A former firm client filed two lawsuits against the insured law firm partner and associate stemming from the associate’s failure to perfect properly an appeal of an adverse zoning decision. Before the inception of the first claims-made policy, the associate handling the appeal wrote a memo to the partner in which he described a “fatal error” he made when representing the client and his notification to the client of the “mistake.” The partner then wrote to the client, asserting that the firm did not commit malpractice and requesting a release from the client in exchange for refunding previously paid legal fees. In policy year one, the client filed suit against the associate and the firm for legal malpractice which was settled for an assignment of the insureds’ rights under the policy. In policy year two, the claimant filed suit against the partner for failing to purchase appropriate legal malpractice insurance for the former associate. The claimant settled the second suit in exchange for an assignment of the partner’s rights under the second policy.

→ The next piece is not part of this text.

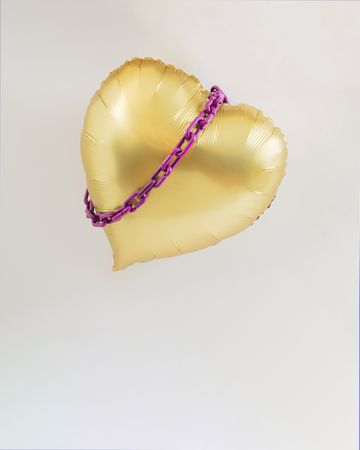 Gold heart balloon in the air with violet purple chains around it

The court held that no coverage was available for the first suit because the insured had prior knowledge that a claim could be made before the inception of the first claims-made policy. The policy precluded coverage for claims if, at the effective date, the insured “could have reasonably foreseen that such wrongful act might be expected to be the basis of a claim.” The court held that, before the inception of the policy, the insureds could have reasonably foreseen a claim because the associate admitted to the partner that he made a “fatal error” in the representation and the partner offered to refund fees in exchange for a release because the client “was making a claim of malpractice.”

The court also held that no coverage was available for the second lawsuit made in policy year two for two reasons. First, the court held that the second lawsuit was deemed made during the first policy because it was “related” to the first lawsuit made during policy year one. The two lawsuits were related because the wrongful conduct—namely, mistakes in appealing the zoning decision—were “identical” in both lawsuits. No coverage was available under the first policy for the second lawsuit because the insureds had prior knowledge that the client might bring a claim. Second, even if the second lawsuit was not related to the first lawsuit, the court held that the second lawsuit was not covered because it did not involve the provision of professional services. In the second lawsuit, the claimant alleged that the partner was liable because he failed to obtain appropriate legal malpractice insurance for the associate, which was “not the result of rigorous intellectual training” and pertained “to the running of a business rather than the practice of law.”

Finally, the court held that, because there was no coverage under the two policies for the two claims, the insurer did not commit bad faith in violation of Section 93A of the Massachusetts code.